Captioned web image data
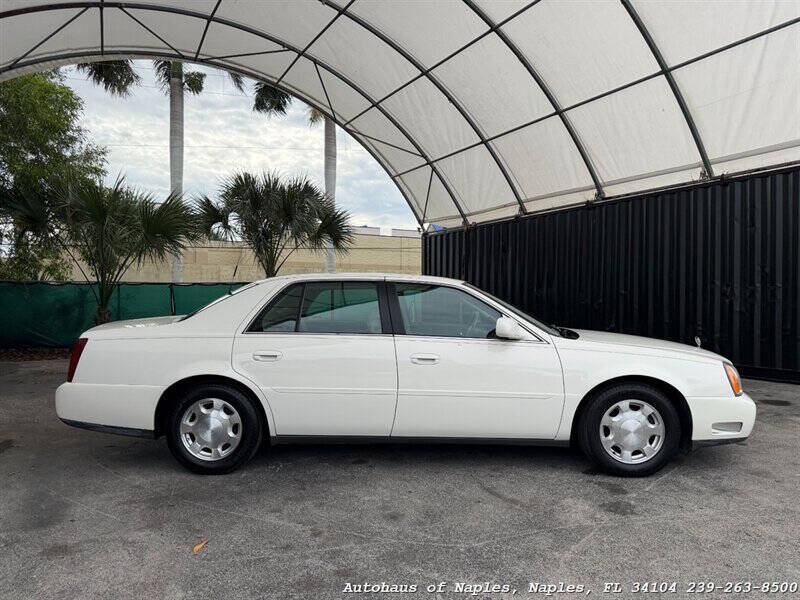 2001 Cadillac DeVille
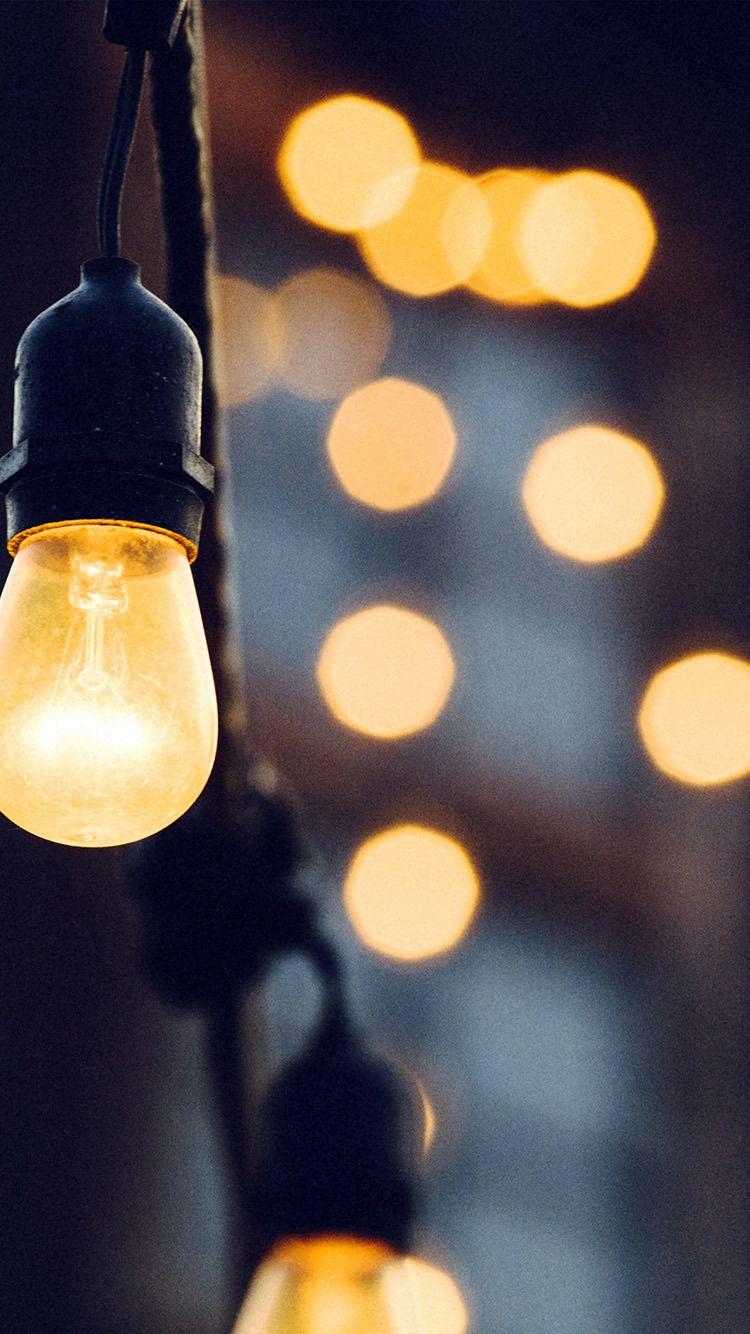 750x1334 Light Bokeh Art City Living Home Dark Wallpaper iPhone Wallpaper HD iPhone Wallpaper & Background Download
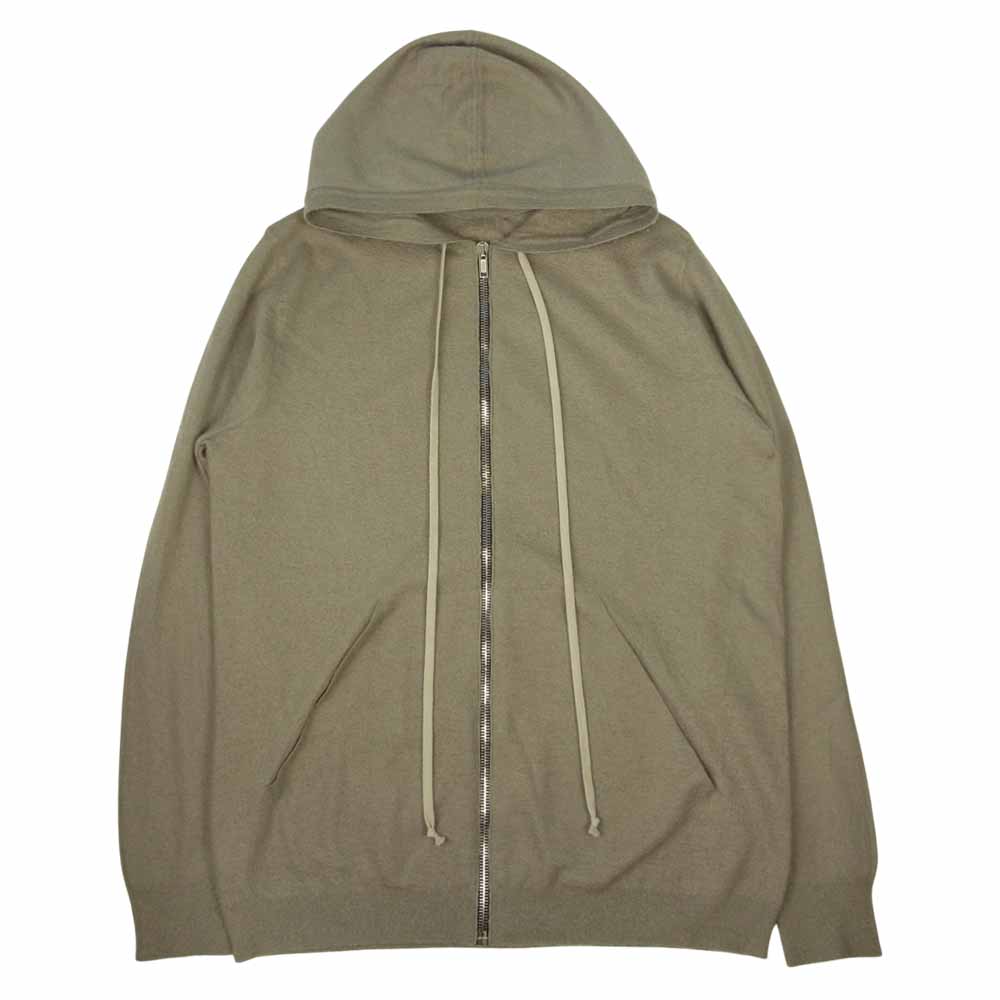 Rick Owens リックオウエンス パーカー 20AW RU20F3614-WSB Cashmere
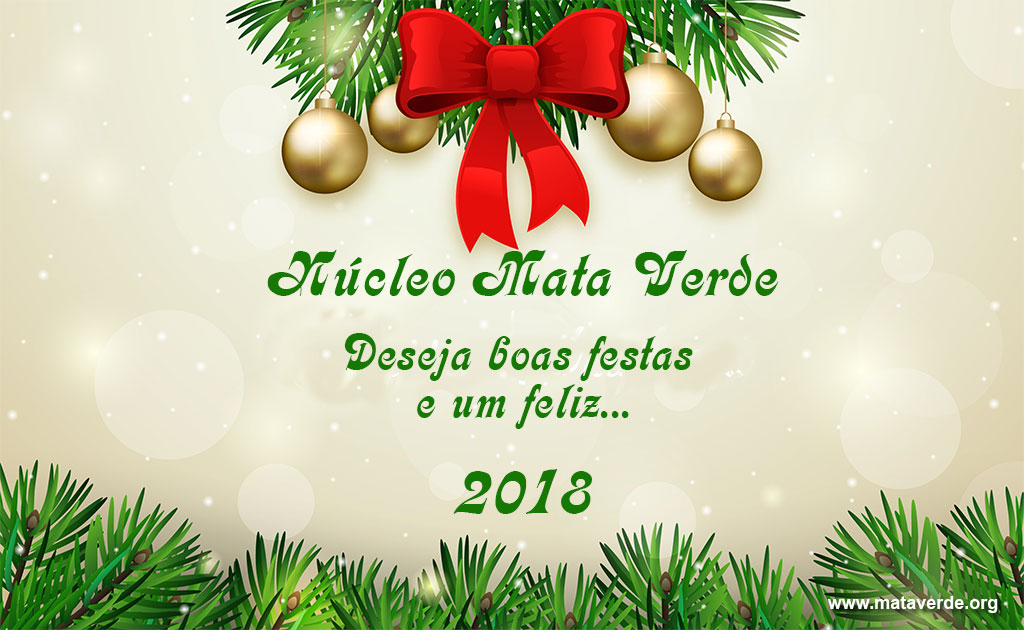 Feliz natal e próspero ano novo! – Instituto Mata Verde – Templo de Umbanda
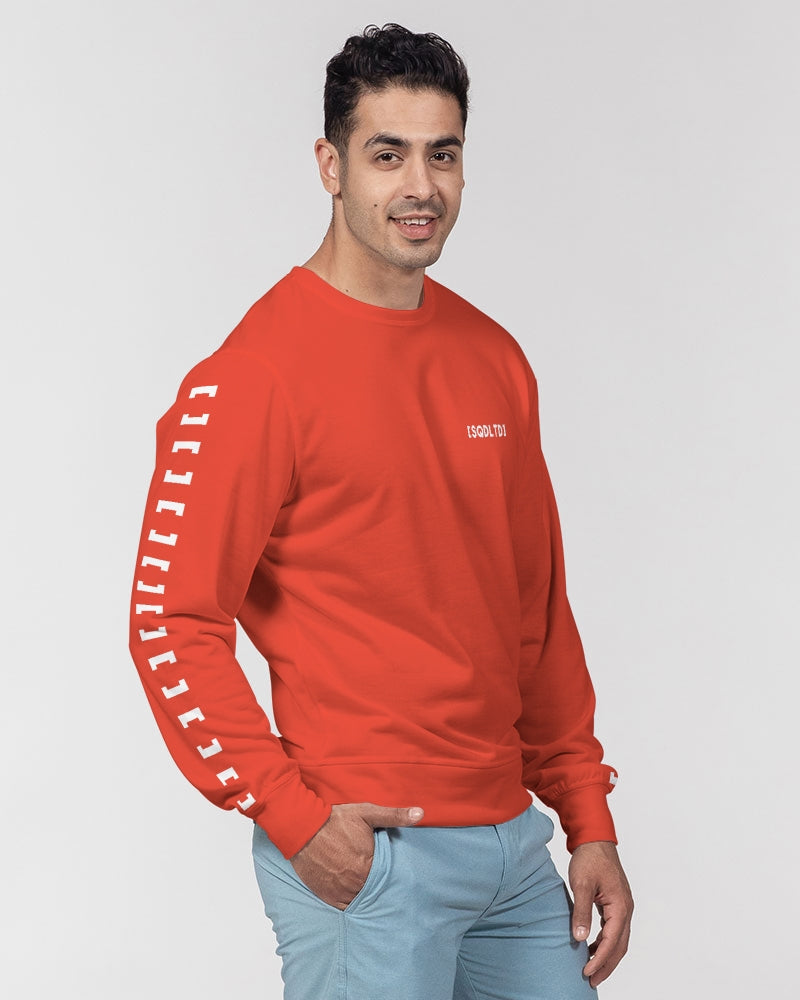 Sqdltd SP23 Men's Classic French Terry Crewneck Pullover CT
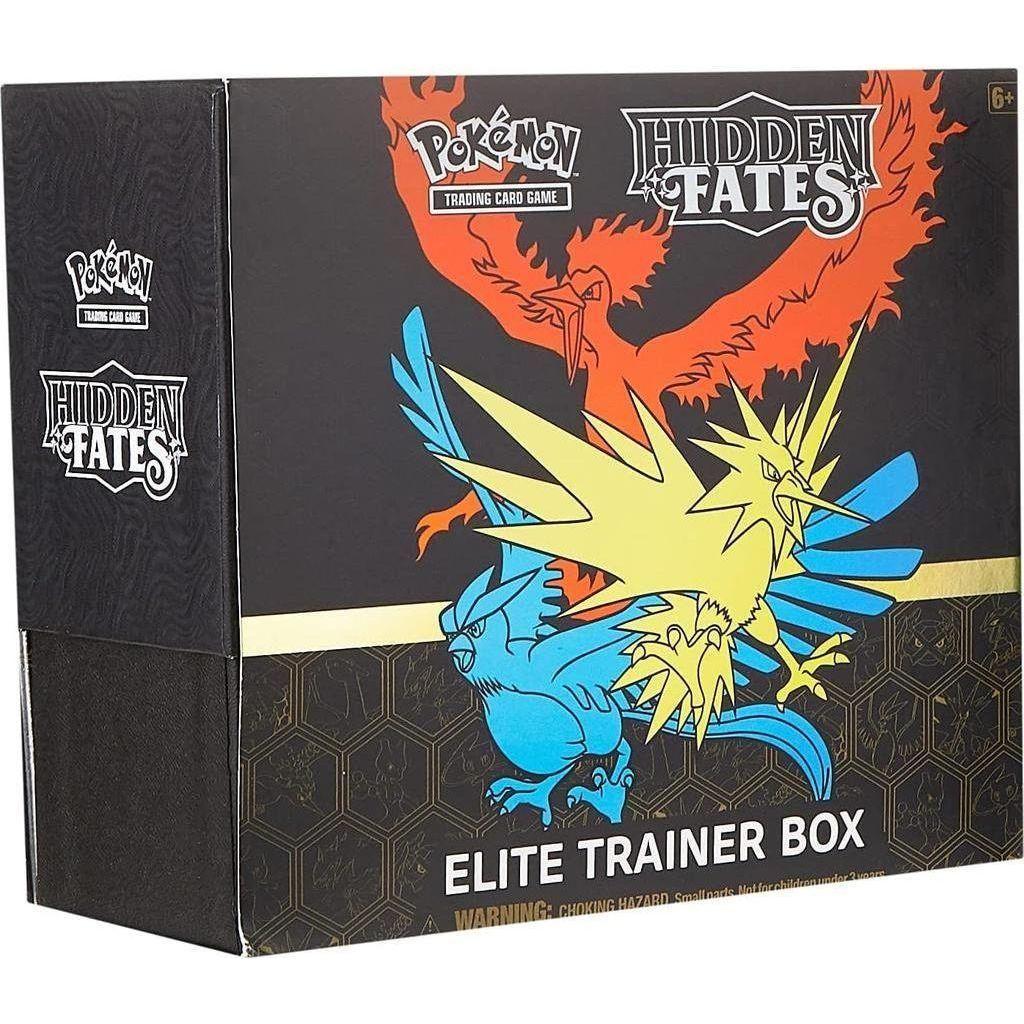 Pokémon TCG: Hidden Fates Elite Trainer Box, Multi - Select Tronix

> **WORK REQUIRED**
Return every record exactly, without the pictures.

> **RESPONSE TO THE EXERCISE**
 2001 Cadillac DeVille
 750x1334 Light Bokeh Art City Living Home Dark Wallpaper iPhone Wallpaper HD iPhone Wallpaper & Background Download
 Rick Owens リックオウエンス パーカー 20AW RU20F3614-WSB Cashmere
 Feliz natal e próspero ano novo! – Instituto Mata Verde – Templo de Umbanda
 Sqdltd SP23 Men's Classic French Terry Crewneck Pullover CT
 Pokémon TCG: Hidden Fates Elite Trainer Box, Multi - Select Tronix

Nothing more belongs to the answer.